● **Supplied material**:
=== Section Start ===

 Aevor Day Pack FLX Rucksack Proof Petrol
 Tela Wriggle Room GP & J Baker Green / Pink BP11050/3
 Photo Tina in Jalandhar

=== Section End ===
=== Section Start ===

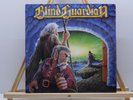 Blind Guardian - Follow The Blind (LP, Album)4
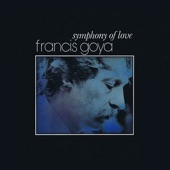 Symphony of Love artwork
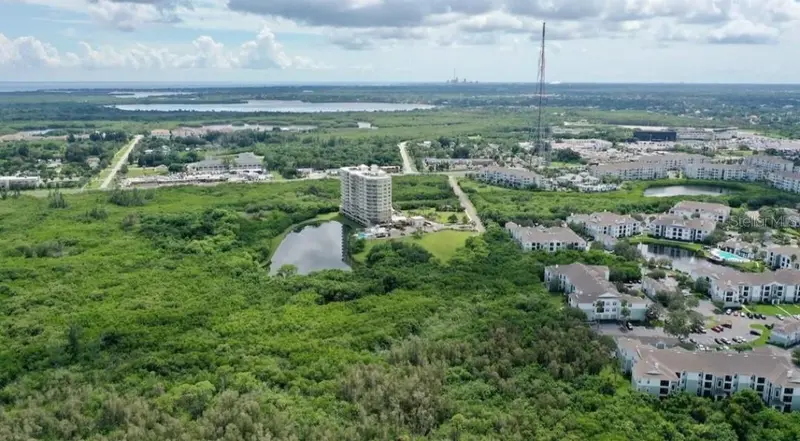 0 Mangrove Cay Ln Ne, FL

=== Section End ===

● **Exercise requirements**: Look above for the line with "Tela Wriggle Room" and the line with "Photo Tina in Jalandhar". Write out those two lines and all the lines between them, exactly, and no others.

● **Exercise answer**:
 Tela Wriggle Room GP & J Baker Green / Pink BP11050/3
 Photo Tina in Jalandhar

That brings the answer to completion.